X-Token Fix #2: H-KL (Relax the Partition Instead of Dropping It)

P-KL is the right fix when the partition goes badly wrong. But what if it doesn’t? With Phi-4-mini as the teacher, all 1,100 of Llama’s 2- and 3-digit numerals stay safely in the common set (Phi-4-mini does not split digits). The partition is structurally fine.

In this regime, the partition is actually useful: exact-match pairs produce sharper, more targeted KL supervision than P-KL’s projected distribution, which blurs student probability mass across multiple teacher tokens via the multi-token rows of $W$. Dropping the partition here loses signal.

The fix isn’t to throw the partition away; it’s to make it less narrow. GOLD’s criterion for “common” is strict string equality. But $W$ exposes a richer set of near-equivalent pairs through teacher-side re-tokenization. H-KL keeps the hybrid loss structure, but extends the common set $\mathcal{C}$ by including each student token’s top-1 teacher match under $W$:

\[v^* = \arg\max_{v'} W[u, v'], \quad W[u, v^*] > 0\]

This admits pairs like ("Hundreds", "Hund") that strict string equality would discard, since "Hundreds" re-tokenizes to ["Hund", "reds"] under the teacher, making "Hund" the natural top-1 match. These near-equivalent pairs now get direct KL supervision instead of noisy rank matching.

Result: +0.52 average accuracy over GOLD on the Phi-4-mini teacher. Not a 6× GSM8k moment, but a clean, consistent improvement from fixing the conservativeness of the matching criterion.
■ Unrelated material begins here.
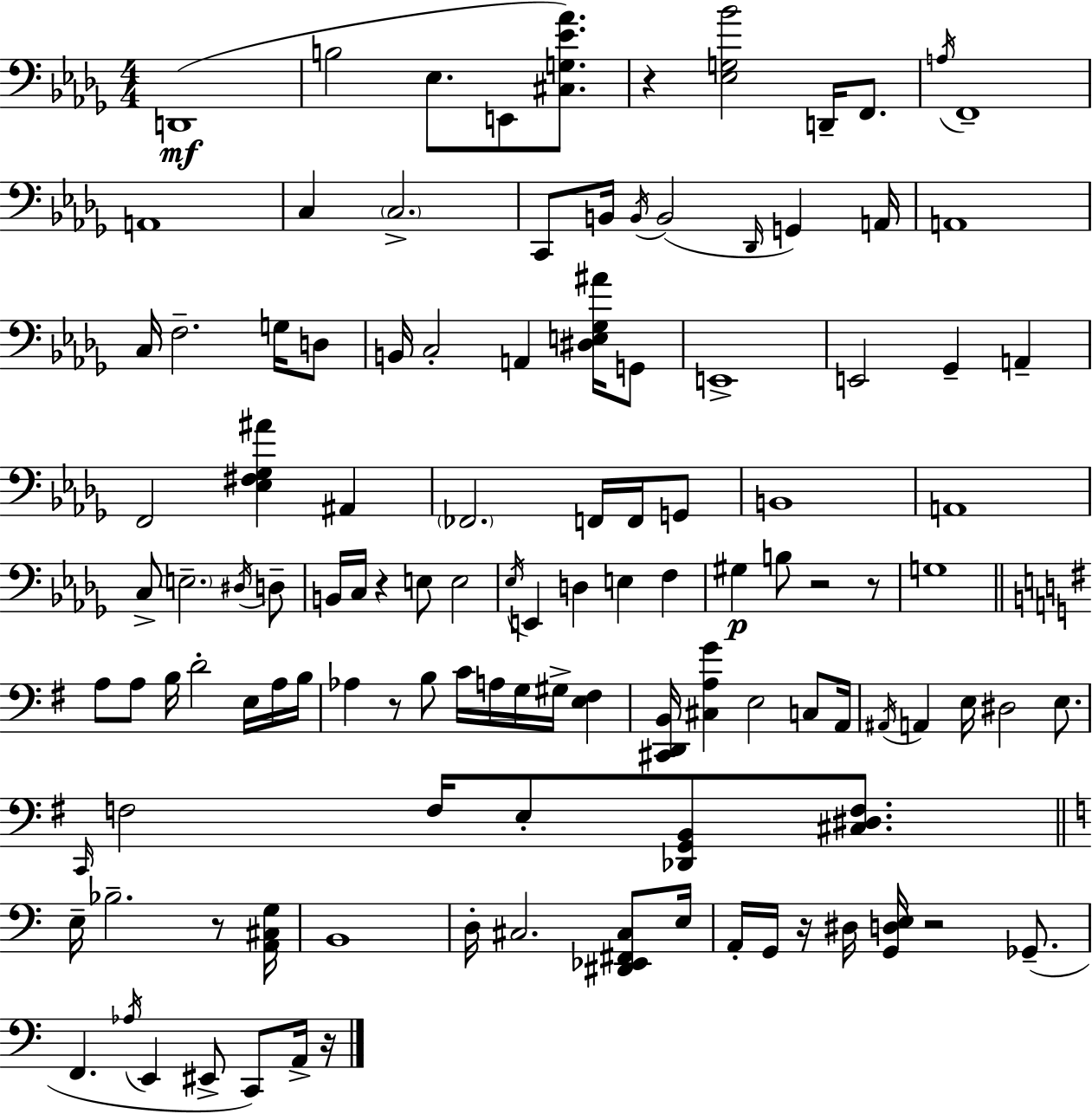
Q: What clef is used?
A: bass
Choosing Between Them: A Coverage Audit

The choice between P-KL and H-KL comes down to one question: do critical tokens fall inside the common set or outside it? The paper proposes a simple coverage audit: group the student vocabulary by character class (digits by length, ASCII punctuation, alphabetic, etc.) and check the fraction that survives into $\mathcal{C}$.
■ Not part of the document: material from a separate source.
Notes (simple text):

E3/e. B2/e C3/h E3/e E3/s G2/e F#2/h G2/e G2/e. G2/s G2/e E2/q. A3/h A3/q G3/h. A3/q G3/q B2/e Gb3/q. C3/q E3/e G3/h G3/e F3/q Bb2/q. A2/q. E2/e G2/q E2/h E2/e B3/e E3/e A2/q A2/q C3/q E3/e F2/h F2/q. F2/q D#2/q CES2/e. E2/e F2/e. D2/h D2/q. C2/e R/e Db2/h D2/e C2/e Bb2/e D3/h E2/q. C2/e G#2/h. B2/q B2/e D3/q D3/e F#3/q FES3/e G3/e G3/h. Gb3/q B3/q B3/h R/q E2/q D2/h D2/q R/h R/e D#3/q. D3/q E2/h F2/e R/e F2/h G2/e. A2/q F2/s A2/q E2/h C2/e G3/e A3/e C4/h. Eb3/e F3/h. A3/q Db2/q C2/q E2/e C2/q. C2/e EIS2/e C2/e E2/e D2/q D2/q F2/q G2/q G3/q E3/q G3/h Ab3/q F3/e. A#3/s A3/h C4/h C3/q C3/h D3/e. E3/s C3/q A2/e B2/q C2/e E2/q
Llama category Qwen3-4B common Phi-4-mini common
1-digit numerals 13/13 (100%) 13/13 (100%)
2-digit numerals 0/100 (0%) 100/100 (100%)
3-digit numerals 0/1000 (0%) 1000/1000 (100%)
ASCII punctuation 88/88 (100%) 88/88 (100%)

The numbers tell the whole story. If critical tokens fall out (Qwen case): use P-KL. If the partition is sound (Phi case): use H-KL. The paper confirms this with a clean reversal in Table 2: P-KL outperforms H-KL by +3.55 avg on Qwen3-4B, while H-KL outperforms P-KL by +1.68 avg on Phi-4-mini. Apply each to the wrong teacher and you lose.
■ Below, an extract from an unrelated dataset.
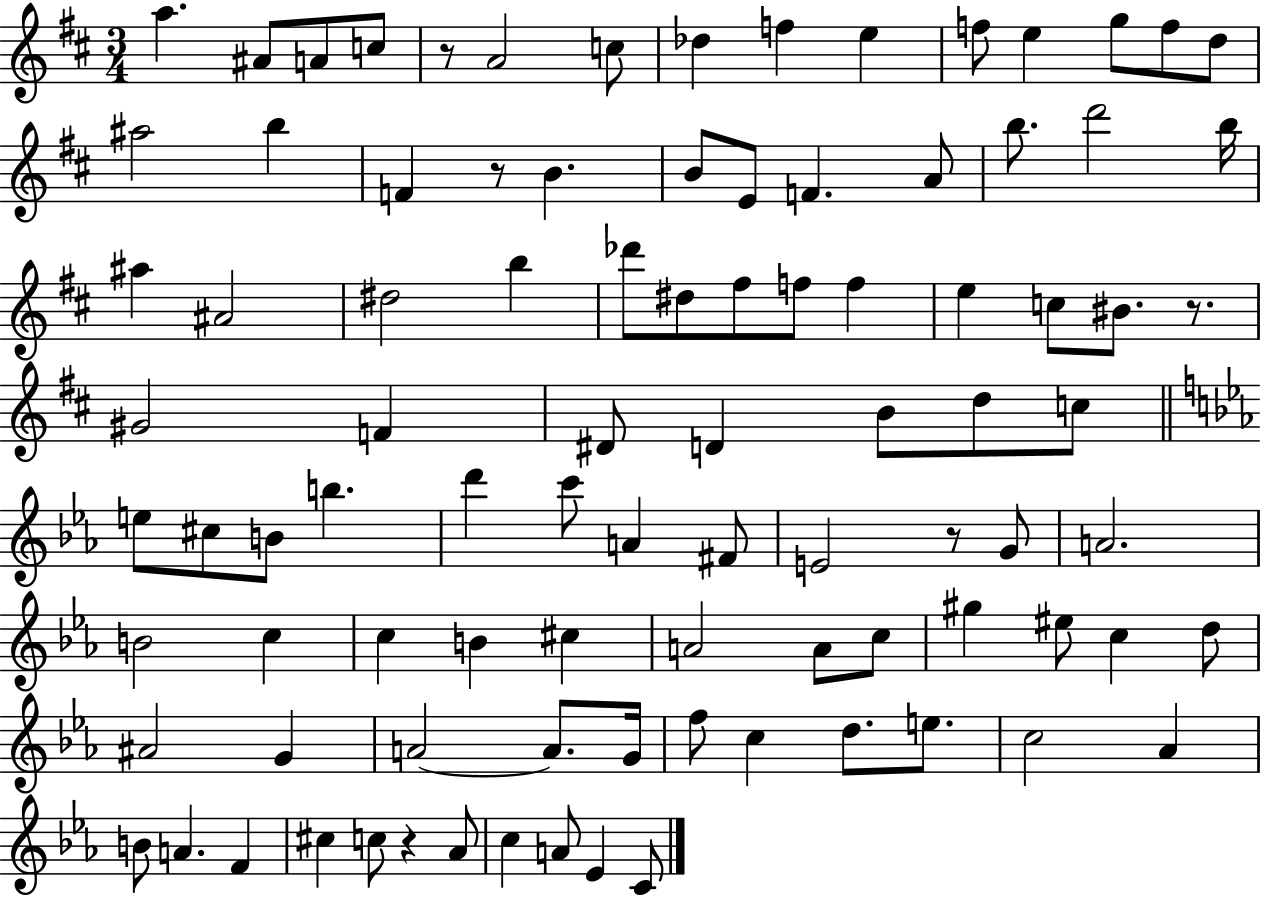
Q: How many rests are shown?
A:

Multi-Teacher: Mixing a Math Brain and a Knowledge Brain

Both losses generalize naturally to multiple teachers. Each teacher gets its own projection matrix and its own loss (standard KL for same-tokenizer teachers, P-KL or H-KL for cross-tokenizer ones). The per-teacher losses are aggregated with static weights:

\[\mathcal{L}_{KD,multi} = \sum_{k=1}^{K} \lambda_k \cdot \frac{1}{\vert T^*_k \vert} \sum_{t \in T^*_k} \mathcal{L}_k^{(t)}\]

The combined KD loss is then scaled against the cross-entropy term using a stop-gradient ratio:

\[\mathcal{L} = \underbrace{\mathrm{sg}\!\left(\frac{\mathcal{L}_{CE}}{\mathcal{L}_{KD}}\right)}_{\beta} \cdot \mathcal{L}_{KD} + \mathcal{L}_{CE}\]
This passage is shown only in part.